**Data shown:**
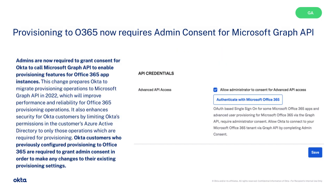A change in provisioning to Office 365 prepares Okta to migrate provisioning operations to Microsoft Graph API in 2022. This improves performance and reliability. Please note, admins are now required to grant consent for Okta to call Microsoft Graph API to enable provisioning features for Office 365 app instances.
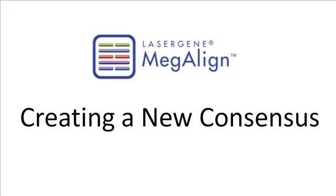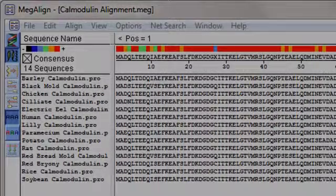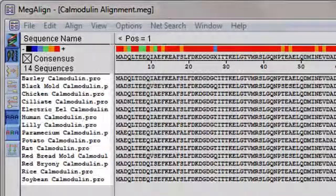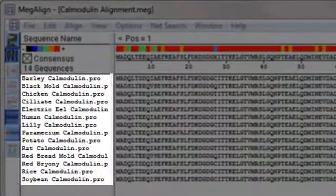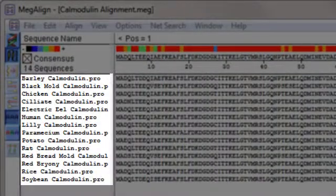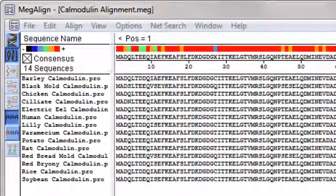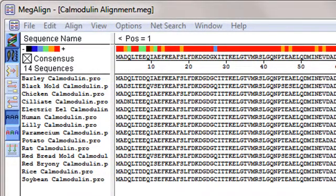Megalign's new consensus command lets you define a new consensus sequence for the alignment report. My project is composed of calmodulin sequences from different species. I'll start by viewing the alignment report for my project.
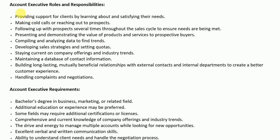As an account executive, your roles and responsibilities include: providing support for clients by learning about and satisfying their needs; making cold calls or reaching out to prospects; following up with prospects several times throughout the sales cycle to ensure needs are being met; presenting and demonstrating the value of products and services to prospective buyers; compiling and analyzing data to find trends; developing sales strategies and setting quotas; staying current on company offerings and industry trends; maintaining a database of contact information; building long-lasting, mutually beneficial relationships with external contacts and internal departments; and handling complaints and negotiations.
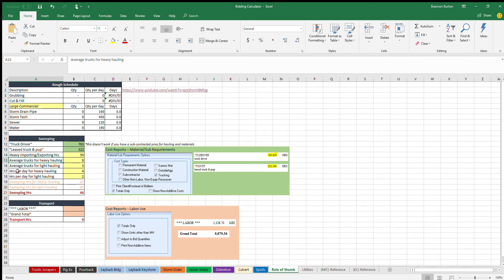Now the next part we put in here is the average trucks that you're going to be using for heavy hauling. In this case we're going to say that we're going to use eight trucks to feed that dozer.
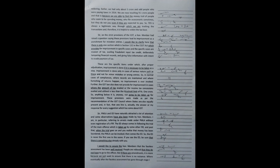Sir, PMLA and ED have naturally attracted a lot of attention and some observations have also been made by honourable members. I am, in particular, referring to arrests made under PMLA without even registration of a FIR. The ED always comes in following the trial of the main offence which is taken up by some other FIR and post that, when the trial goes on and you realise that money has been laundered, the PMLA can be invoked.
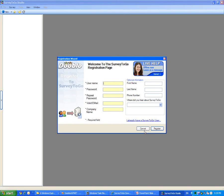Before using Survey2Go for the first time, you will need to register by entering the mandatory fields such as your username, a password, a valid email, and your company name. You are also welcome to enter the optional information on the right.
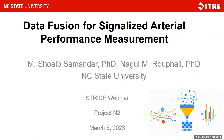Good afternoon, everyone. Welcome to the webinar on Project N2 of Stride. The title of the project and this webinar is Data Fusion for Signalized Arterial Performance Measurements. My colleague Dr. Nagy Rafayo and I will be presenting this webinar together. I'll present the first section, and then he'll take over and continue until the end of the webinar.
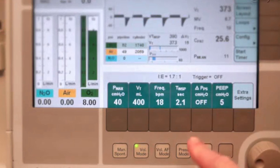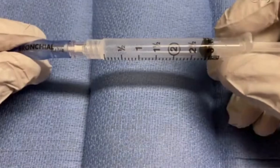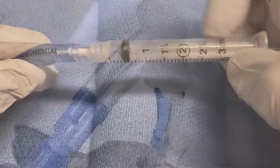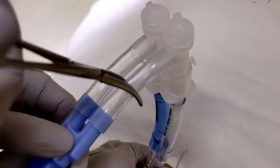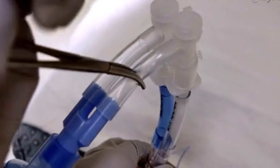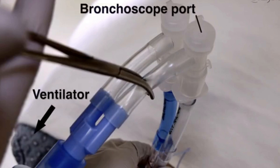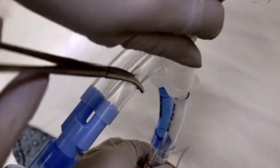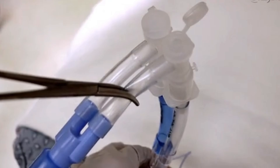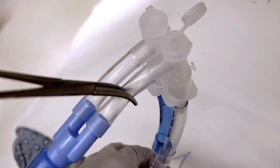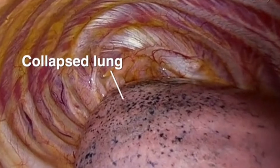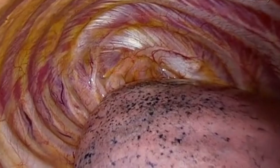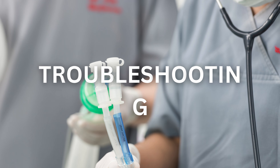Before you initiate one lung ventilation, adjust the ventilator settings and inflate the bronchial cuff. To ventilate the lung distal to the bronchial lumen, place a clamp on the tracheal lumen of the Y connector between the bronchoscope port and ventilator. Then open the bronchoscope port of the tracheal lumen, which is connected to the non-ventilated lung. This will allow the non-ventilated lung to collapse as the other lung is selectively ventilated.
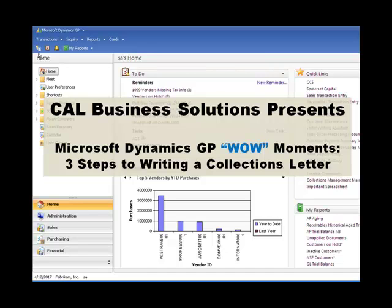Cal Business Solutions presents Microsoft Dynamics GP Wow Moments. Three steps to writing a collections letter.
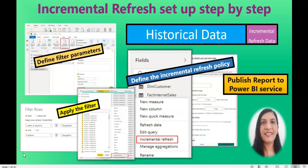Hello everyone, welcome to my channel. In this video I'm going to talk about incremental refresh in Power BI and walk you through a step-by-step setup. First of all, what is incremental refresh and how does it differ from scheduled refresh? As the name suggests, incremental refresh only refreshes incremental data.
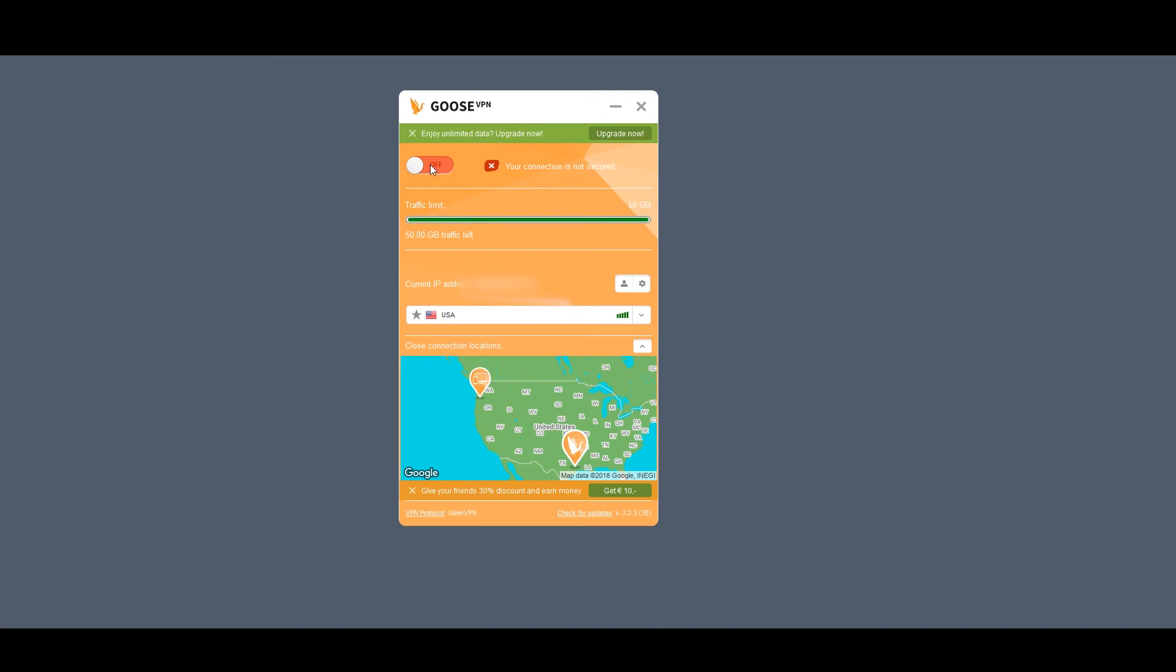But overall, it's a decent-looking app. A little orange and the color scheme is a little tacky, and maybe the text doesn't pop enough, but overall, it's not the worst app I've ever seen from a VPN.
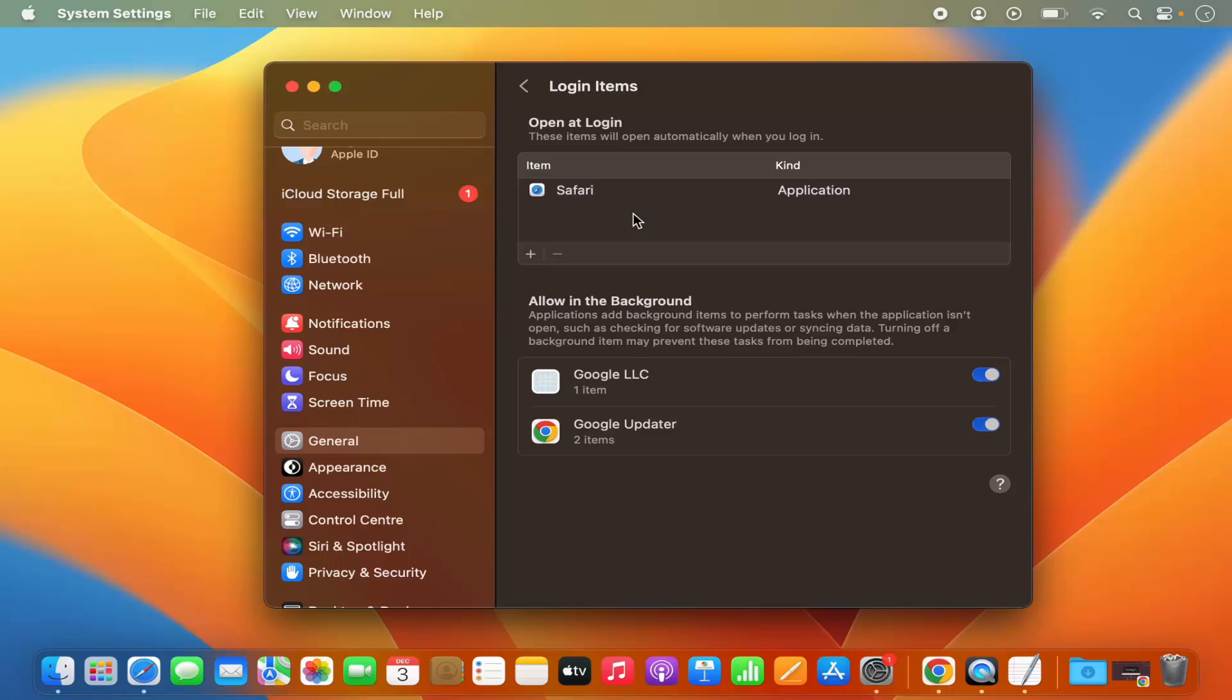Now the other way of removing any applications from opening at the time of login is to go to that application. Let's say this is the Safari app which is also there in this list.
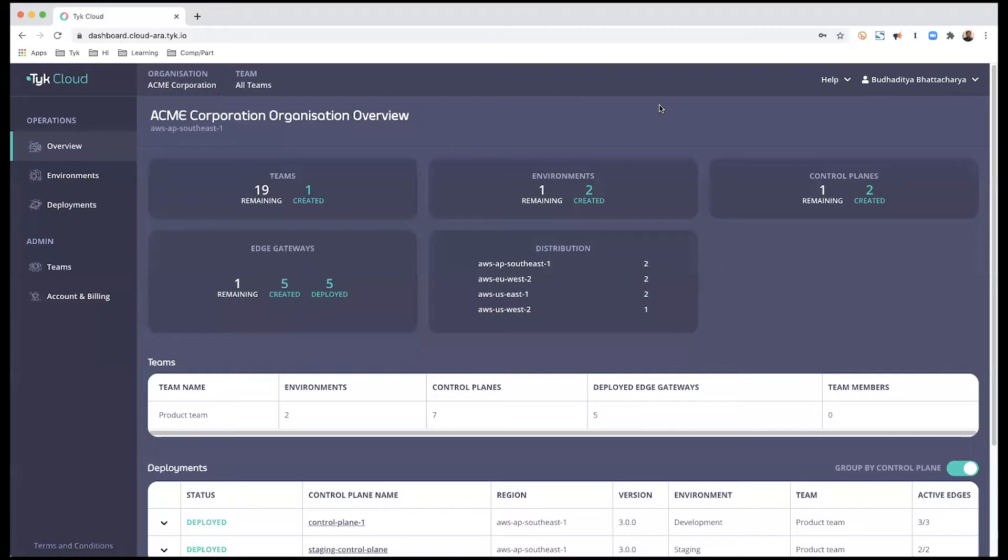Hi. In this video, I'm going to show you how to create an API endpoint and connect it to an existing edge gateway.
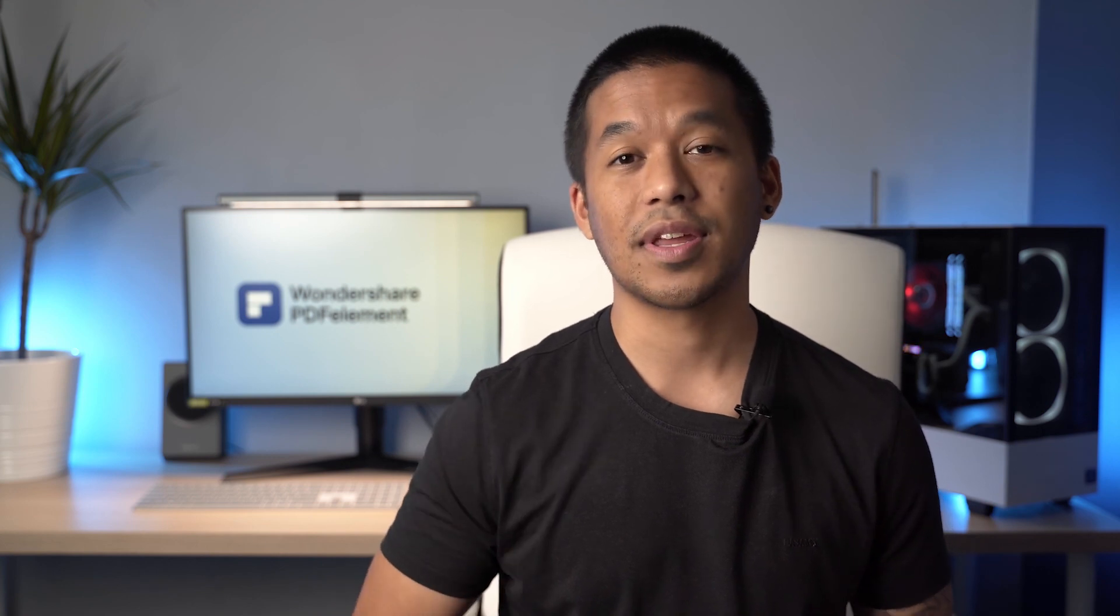So that covers some of the ways you can create PDF files and how quick and easy everything is to do. I hope you found this video helpful. If you do have any questions, leave them in the comments section below. Also check out the links in the description box to find out more and download PDFelement now and see the benefits for yourself. And lastly, don't forget to like this video, subscribe, hit that bell notification to see more. Thank you very much for watching and we'll see you next time.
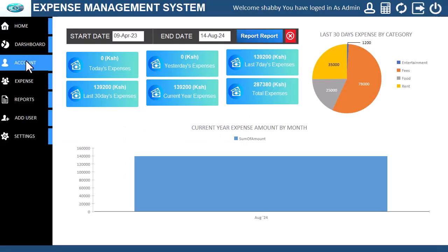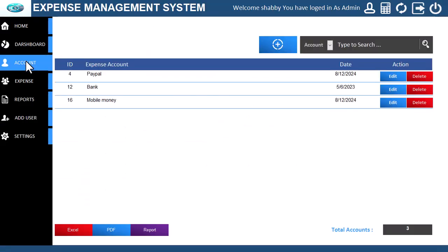Let us check the expense account section. Here you can add, edit, and search expense accounts. Let us add a new account.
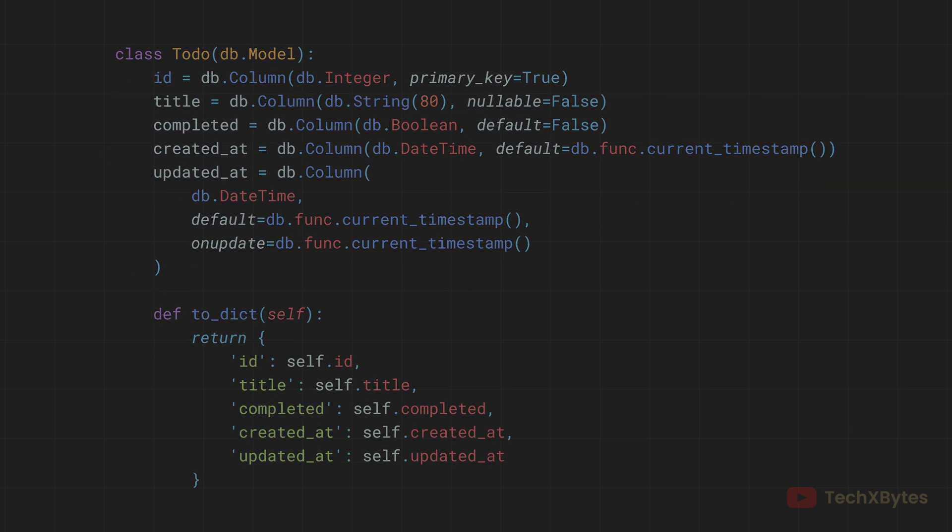Now we need to implement the to_dict method in the Todo model. This method converts a Todo object into a dictionary format, which is suitable for JSON serialization. The to_dict method returns a dictionary representation of the Todo object including all its attributes. This allows us to easily convert the object into JSON format when returning it in the API response.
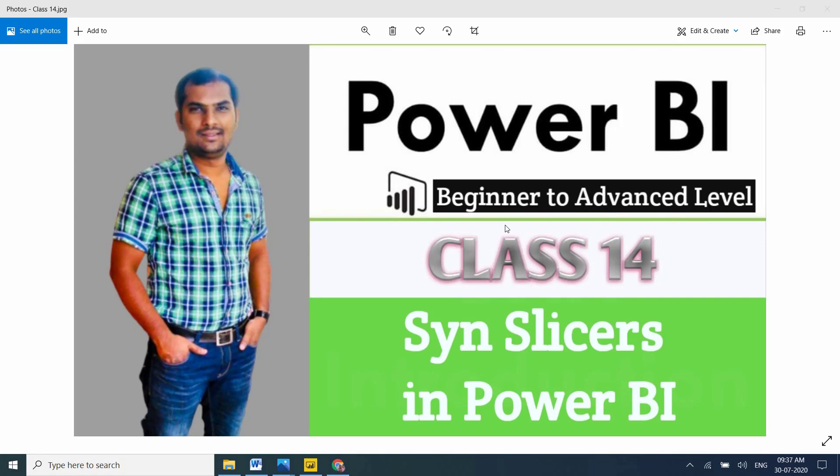Hi friends, in this session I'm going to explain Sync Slicers in Power BI. This is an important visualization concept in Power BI.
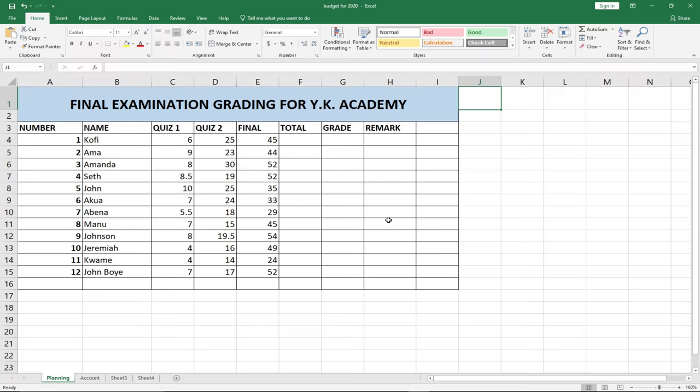Hello, welcome to Agile Tech. This channel is dedicated to teaching young programmers how to learn programming step by step from scratch. But today's lesson is focusing on Excel — I'm going to teach you something interesting about Excel functions.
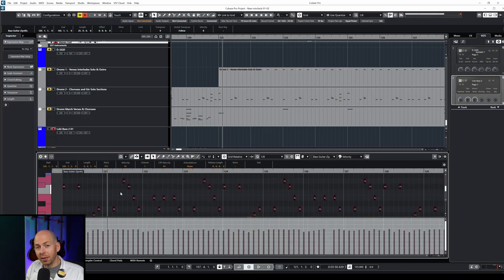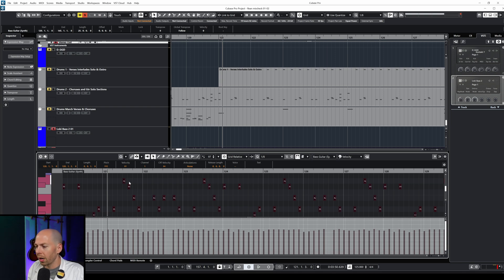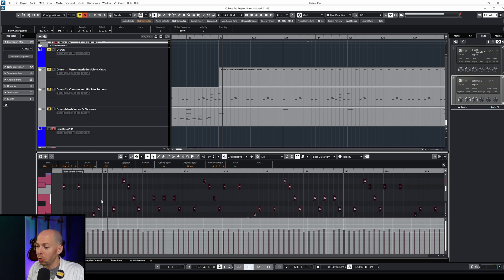To give you a quick example of what this sounds like, here is a bass performance that was programmed just by clicking various notes in a piano roll. This should sound continuous, but this is what it sounds like.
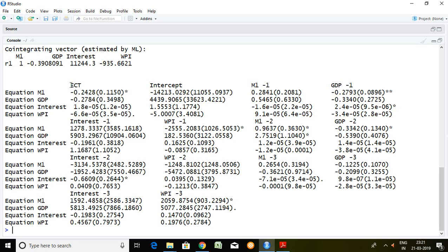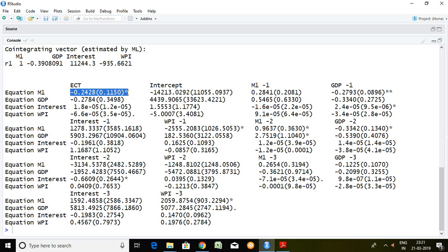Talking about the first part, which is the error correction term. Out of four variables, money supply is the dependent variable and GDP, interest, and WPI are the independent variables. I'd like to talk about only the target variable which is money supply. The coefficient of money supply is minus 0.2428 and 0.1150 is the standard error. On this value, there is one star.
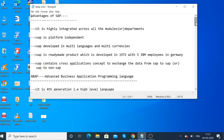The advantage of SAP is it is highly integrated across all modules or departments. Communication between the modules or departments is seamless, so it is highly integrated.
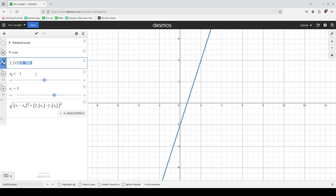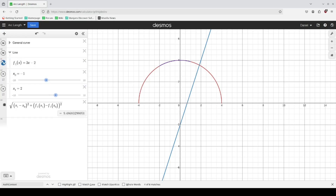Now we would like to generalize this to a curve. We would use a similar idea — we subdivide this curve into a bunch of small line segments, find the length of each segment, and then add them all up.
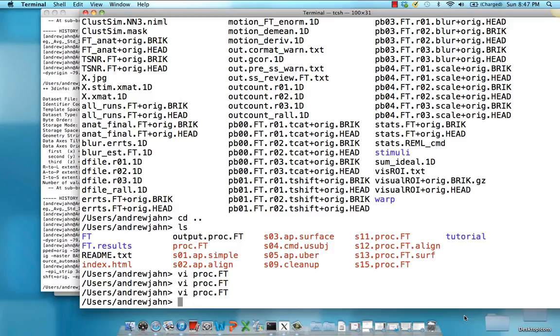Volume registration will calculate how far the subject moves in all those directions, and then attempt to correct for that by moving all of the other volumes to the reference volume.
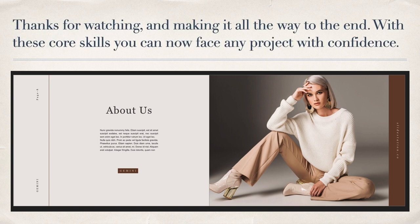Thanks for watching and making it all the way to the end. With these core skills you can now face any project with confidence.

**What is being asked:**
For this exercise, return the records above in full and exactly, omitting the images.

**Exercise output:**
A change in provisioning to Office 365 prepares Okta to migrate provisioning operations to Microsoft Graph API in 2022. This improves performance and reliability. Please note, admins are now required to grant consent for Okta to call Microsoft Graph API to enable provisioning features for Office 365 app instances.
Megalign's new consensus command lets you define a new consensus sequence for the alignment report. My project is composed of calmodulin sequences from different species. I'll start by viewing the alignment report for my project.
As an account executive, your roles and responsibilities include: providing support for clients by learning about and satisfying their needs; making cold calls or reaching out to prospects; following up with prospects several times throughout the sales cycle to ensure needs are being met; presenting and demonstrating the value of products and services to prospective buyers; compiling and analyzing data to find trends; developing sales strategies and setting quotas; staying current on company offerings and industry trends; maintaining a database of contact information; building long-lasting, mutually beneficial relationships with external contacts and internal departments; and handling complaints and negotiations.
Now the next part we put in here is the average trucks that you're going to be using for heavy hauling. In this case we're going to say that we're going to use eight trucks to feed that dozer.
Sir, PMLA and ED have naturally attracted a lot of attention and some observations have also been made by honourable members. I am, in particular, referring to arrests made under PMLA without even registration of a FIR. The ED always comes in following the trial of the main offence which is taken up by some other FIR and post that, when the trial goes on and you realise that money has been laundered, the PMLA can be invoked.
Before using Survey2Go for the first time, you will need to register by entering the mandatory fields such as your username, a password, a valid email, and your company name. You are also welcome to enter the optional information on the right.
Good afternoon, everyone. Welcome to the webinar on Project N2 of Stride. The title of the project and this webinar is Data Fusion for Signalized Arterial Performance Measurements. My colleague Dr. Nagy Rafayo and I will be presenting this webinar together. I'll present the first section, and then he'll take over and continue until the end of the webinar.
Before you initiate one lung ventilation, adjust the ventilator settings and inflate the bronchial cuff. To ventilate the lung distal to the bronchial lumen, place a clamp on the tracheal lumen of the Y connector between the bronchoscope port and ventilator. Then open the bronchoscope port of the tracheal lumen, which is connected to the non-ventilated lung. This will allow the non-ventilated lung to collapse as the other lung is selectively ventilated.
Cal Business Solutions presents Microsoft Dynamics GP Wow Moments. Three steps to writing a collections letter.
Hello everyone, welcome to my channel. In this video I'm going to talk about incremental refresh in Power BI and walk you through a step-by-step setup. First of all, what is incremental refresh and how does it differ from scheduled refresh? As the name suggests, incremental refresh only refreshes incremental data.
But overall, it's a decent-looking app. A little orange and the color scheme is a little tacky, and maybe the text doesn't pop enough, but overall, it's not the worst app I've ever seen from a VPN.
Now the other way of removing any applications from opening at the time of login is to go to that application. Let's say this is the Safari app which is also there in this list.
Hi. In this video, I'm going to show you how to create an API endpoint and connect it to an existing edge gateway.
So that covers some of the ways you can create PDF files and how quick and easy everything is to do. I hope you found this video helpful. If you do have any questions, leave them in the comments section below. Also check out the links in the description box to find out more and download PDFelement now and see the benefits for yourself. And lastly, don't forget to like this video, subscribe, hit that bell notification to see more. Thank you very much for watching and we'll see you next time.
Let us check the expense account section. Here you can add, edit, and search expense accounts. Let us add a new account.
Now we need to implement the to_dict method in the Todo model. This method converts a Todo object into a dictionary format, which is suitable for JSON serialization. The to_dict method returns a dictionary representation of the Todo object including all its attributes. This allows us to easily convert the object into JSON format when returning it in the API response.
Hi friends, in this session I'm going to explain Sync Slicers in Power BI. This is an important visualization concept in Power BI.
Hello, welcome to Agile Tech. This channel is dedicated to teaching young programmers how to learn programming step by step from scratch. But today's lesson is focusing on Excel — I'm going to teach you something interesting about Excel functions.
To give you a quick example of what this sounds like, here is a bass performance that was programmed just by clicking various notes in a piano roll. This should sound continuous, but this is what it sounds like.
Talking about the first part, which is the error correction term. Out of four variables, money supply is the dependent variable and GDP, interest, and WPI are the independent variables. I'd like to talk about only the target variable which is money supply. The coefficient of money supply is minus 0.2428 and 0.1150 is the standard error. On this value, there is one star.
The advantage of SAP is it is highly integrated across all modules or departments. Communication between the modules or departments is seamless, so it is highly integrated.
Now we would like to generalize this to a curve. We would use a similar idea — we subdivide this curve into a bunch of small line segments, find the length of each segment, and then add them all up.
Volume registration will calculate how far the subject moves in all those directions, and then attempt to correct for that by moving all of the other volumes to the reference volume.
Thanks for watching and making it all the way to the end. With these core skills you can now face any project with confidence.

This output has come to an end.